Exploring Random Variable

Probability theory is a foundational element of statistics, data science, and numerous applied mathematics fields. At its core are mass functions, distribution functions, and density functions, which collectively describe the behavior of random variables. This article provides a comprehensive exploration of these functions, their properties, and their real-world applications.

1. Random Variables: An Introduction

A random variable is a numerical outcome of a random process or experiment, serving as a link between probabilistic concepts and real-world observations. Random variables are broadly classified into:

1.1 Discrete Random Variables

Discrete random variables take on a countable set of distinct values. For example, the number of heads obtained in a series of coin flips is a discrete random variable.

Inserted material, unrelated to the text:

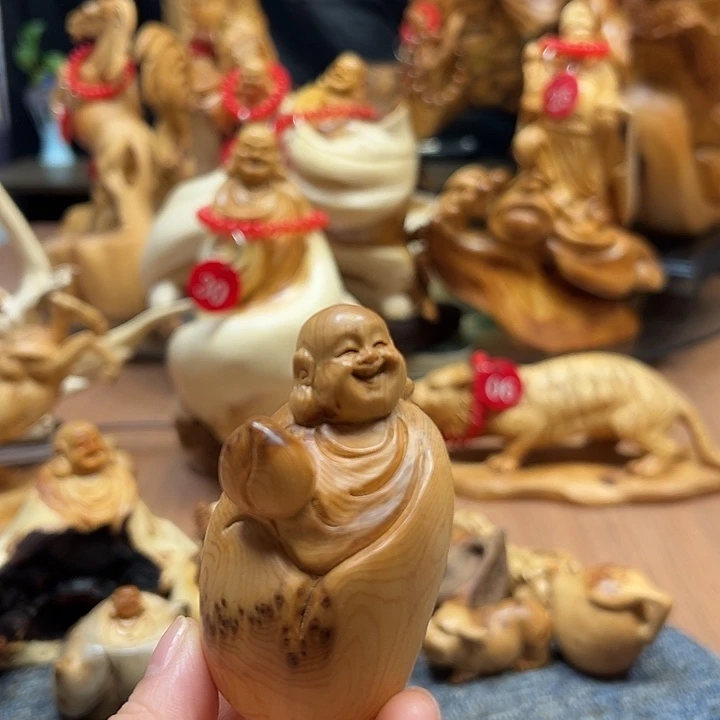 柏木（崖柏）太行崖柏摆件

1.2 Continuous Random Variables

Continuous random variables can assume an infinite number of values within a given range. For instance, the height of individuals in a population is modeled as a continuous random variable.

To characterize random variables, three essential functions are used: the probability mass function (PMF), the cumulative distribution function (CDF), and the probability density function (PDF). These functions will be discussed in detail below.

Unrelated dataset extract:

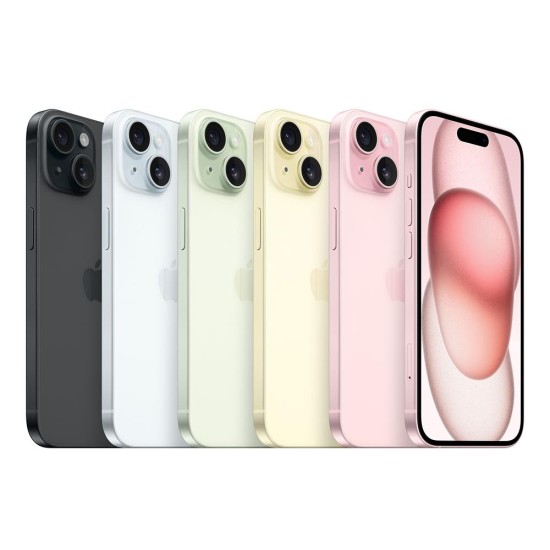 iPhone 15 128 Gb Akıllı Telefon Pembe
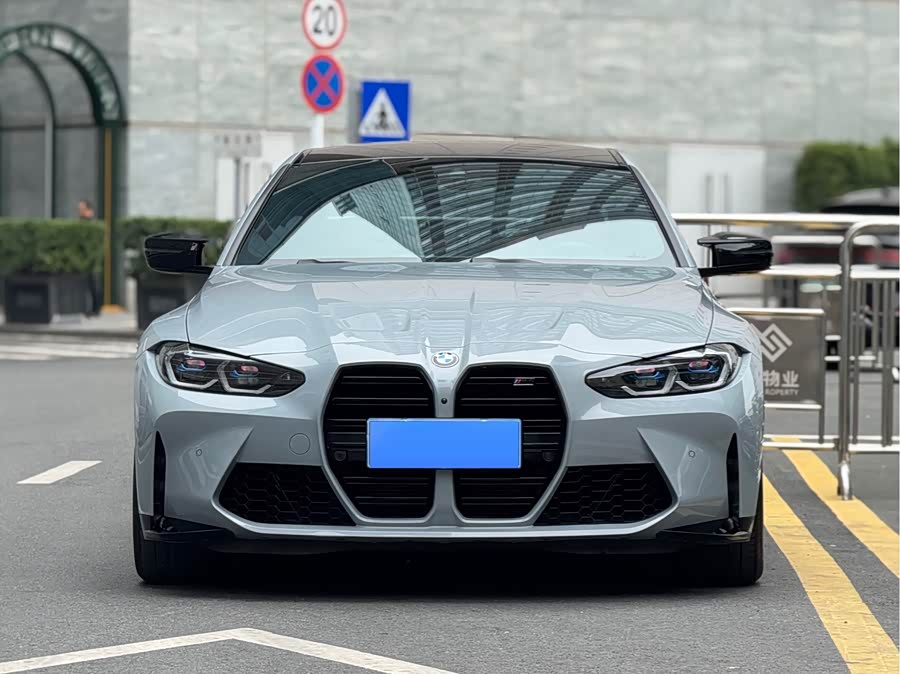 BMW M4 2024 imagem de carro #3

2. Probability Mass Function (PMF)

The probability mass function (PMF) quantifies the probability of each possible value of a discrete random variable. It is defined as:

P(X = x) = f_X(x),\quad \text{for } x \in \text{range}(X),

where:

$\footnotesize \mathbf{X}$ : The discrete random variable.
$\footnotesize \mathbf{f_X(x)}$ : The PMF of $\footnotesize \mathbf{X}$ .
$\footnotesize \mathbf{P(X = x)}$ : The probability that $\footnotesize \mathbf{X}$ equals $\footnotesize \mathbf{x}$ .

2.1 Properties of the PMF

Non-Negativity : $\footnotesize \mathbf{f_X(x) \geq 0}$ for all $\footnotesize \mathbf{x}$ .
Normalization: $\footnotesize \mathbf{\sum_{x \in \text{Range}(X)} f_X(x) = 1}$ .
Support: The PMF is defined only for values within the range of $\footnotesize \mathbf{X}$ .

2.2 Example: Rolling a Die

Consider a fair six-sided die. The random variable $\footnotesize \mathbf{X}$ represents the outcome of the roll. The PMF is:

f_X(x) = \begin{cases} \frac{1}{6}, & x \in \{1, 2, 3, 4, 5, 6\}, \\ 0, & \text{otherwise}. \end{cases}

3. Cumulative Distribution Function (CDF)

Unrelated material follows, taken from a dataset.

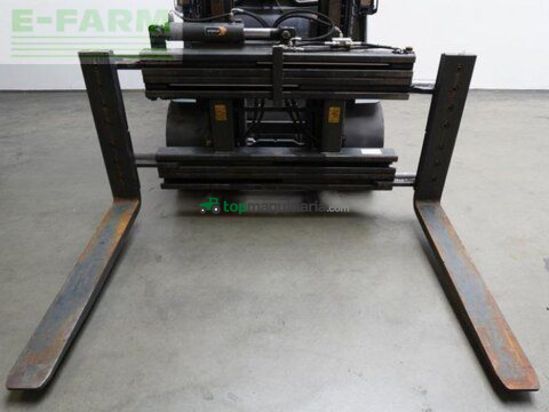 Elevadora - Linde - e 50/600 hl 388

The cumulative distribution function (CDF) describes the probability that a random variable $\footnotesize \mathbf{X}$ is less than or equal to a certain value $\footnotesize \mathbf{x}$ . It is defined as:

F_X(x) = P(X \leq x).

3.1 CDF for Discrete Random Variables

F_X(x) = \sum_{t \leq x} f_X(t).

3.2 CDF for Continuous Random Variables

F_X(x) = \int_{-\infty}^x f_X(t)\, dt.

3.3 Properties of the CDF

Monotonicity: $\footnotesize \mathbf{F_X(x)}$ is a non-decreasing function.
Limits: $\footnotesize \mathbf{\lim_{x \to -\infty} F_X(x) = 0}$ and $\footnotesize \mathbf{\lim_{x \to \infty} F_X(x) = 1}$ .
Right-Continuity: The CDF is continuous from the right.

3.4 Example: Rolling a Die

For the six-sided die example, the CDF is:

F_X(x) = \begin{cases} 0, & x < 1, \\ \frac{1}{6}, & 1 \leq x < 2, \\ \frac{2}{6}, & 2 \leq x < 3, \\ \frac{3}{6}, & 3 \leq x < 4, \\ \frac{4}{6}, & 4 \leq x < 5, \\ \frac{5}{6}, & 5 \leq x < 6, \\ 1, & x \geq 6. \end{cases}

4. Probability Density Function (PDF)

The probability density function (PDF) describes the likelihood of a continuous random variable taking on a particular value. Unlike the PMF, the PDF does not give probabilities directly but instead indicates the density of probabilities across a range of values.

The relationship between the PDF $\footnotesize \mathbf{f_X(x)}$ and the CDF $\footnotesize \mathbf{F_X(x)}$ is:

F_X(x) = \int_{-\infty}^x f_X(t)\, dt,\quad f_X(x) = \frac{d}{dx} F_X(x).

4.1 Properties of the PDF

Non-Negativity: $\footnotesize \mathbf{f_X(x) \geq 0}$ for all $\footnotesize \mathbf{x}$ .
Normalization: $\footnotesize \mathbf{\int_{-\infty}^\infty f_X(x)\, dx = 1}$ .
Support: The PDF is defined over the entire range of $\footnotesize \mathbf{X}$ .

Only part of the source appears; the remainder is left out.